HANCOCK INTERLOCKING TOWER CLOSES: Known as 'HO' Tower, located in the Eastern Panhandle of West Virginia, this historic sentinel to railroading had soldiered on for about a century. It was one of the last mechanical interlockings remaining in the country. Built for the B&O Railroad (now CSX), the tower closed on September 18, 2007, one day following a signal cutover that removed its function as an interlocker.

F.E.C. LINE SALE GETS HUGE BIKE TRAIL PLAN ROLLING: The longest and most expensive rails-to-trails project in Florida history will clear its last hurdle if the Florida Cabinet approves $16-million to buy 52 miles of old rail bed connecting Brevard and Volusia counties. The deal marks a milestone in a 14-year effort to turn the abandoned tracks into trails for hiking, bicycling, horseback riding and other nonmotorized modes of transportation. The East Central Regional Rail-Trail will be the longest abandoned corridor acquired in the Southeast and one of the last great long corridors available in Florida. [United Transportation Union, 9-19-07, from Orlando Sentinel report]
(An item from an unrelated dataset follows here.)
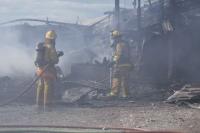    Salisbury firefighters prepare to extinguish the last remnants of a barn fire at The Nop Brothers & Sons cattle barn.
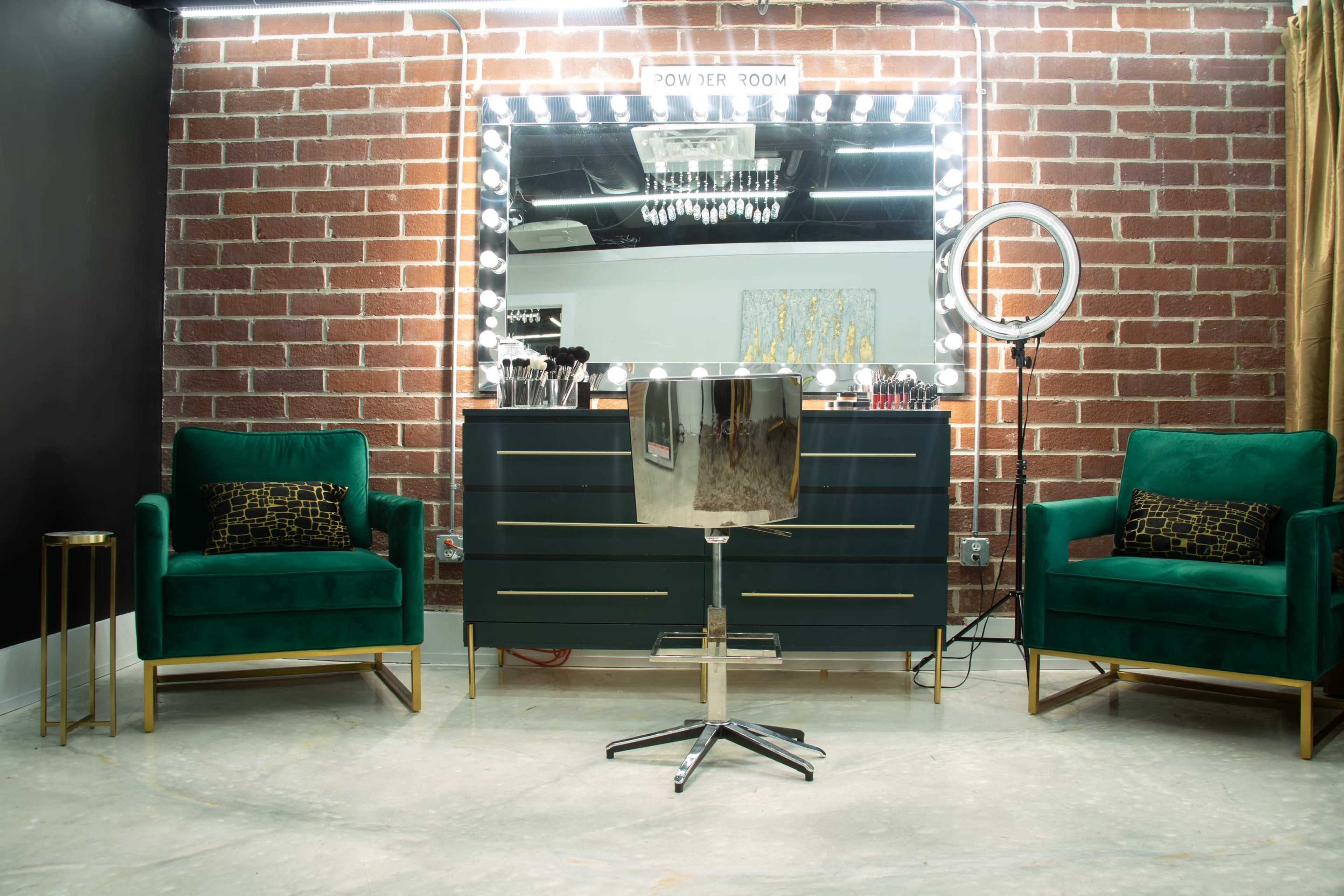 A stylish beauty setup featuring a large mirror with lights above it, a metallic salon chair in front, and two green velvet armchairs on either side, all set against a brick wall.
FOSTORIA, OHIO, RAILFAN PARK GETS FEDERAL GRANT: Federal transportation enhancement funds will provide more than $800,000 toward converting an abandoned factory site in Fostoria into a park where train enthusiasts may watch the 100 or more trains that traverse the city on an average day, the Ohio Department of Transportation has announced. The announcement gives Fostoria a green light to plan for a viewing platform, restrooms, parking lots, and landscaping on the five-acre site bound primarily by three main railroad lines that pass through, and intersect in, the city, Mayor John Davoli said. [Brotherhood of Locomotive Engineers & Trainmen, 9-7-07, from Toledo Blade website report]

RAIL FREIGHT TRAFFIC DOWN IN AUGUST: U.S. railroads originated 1,685,238 carloads of freight in August 2007, down 17,008 carloads (1.0 percent) from August 2006, according to the Association of American Railroads. U.S. railroads also originated 1,195,390 intermodal trailers and containers in August 2007, a decrease of 52,263 units (4.2 percent) from August 2006, the AAR said. [Assn. of American Railroads, 9-6-07]

CP RAIL PLANS TO BUY DM&E: Canadian Pacific Railway Ltd. plans to acquire Dakota, Minnesota & Eastern Railroad Corp. for $1.48-billion to benefit from rising demand for moving coal and other commodities. The price may rise by as much as $1-billion, depending on construction costs for a project in Wyoming and future payments related to coal deliveries, Calgary-based Canadian Pacific said in a statement. The company expects to complete the purchase of closely held Dakota, Minnesota & Eastern within two months. [Brotherhood of Locomotive Engineers & Trainmen, 9-5-07, from Bloomberg News report]

HUDSON, N.Y., AMTRAK STATION TO GET $6-M UPGRADE: As part of a $22-million commitment signed this week to create high-speed rail service and revitalize rail service in the New York State, Sen. Steve Saland (R-41) has announced $6-million for improvements at the Hudson Rail Station. The new funding will pay for an overhead walkway, a platform on the river side and an elevator. [United Transportation Union, 9-5-07, from Hillsdale Independent report]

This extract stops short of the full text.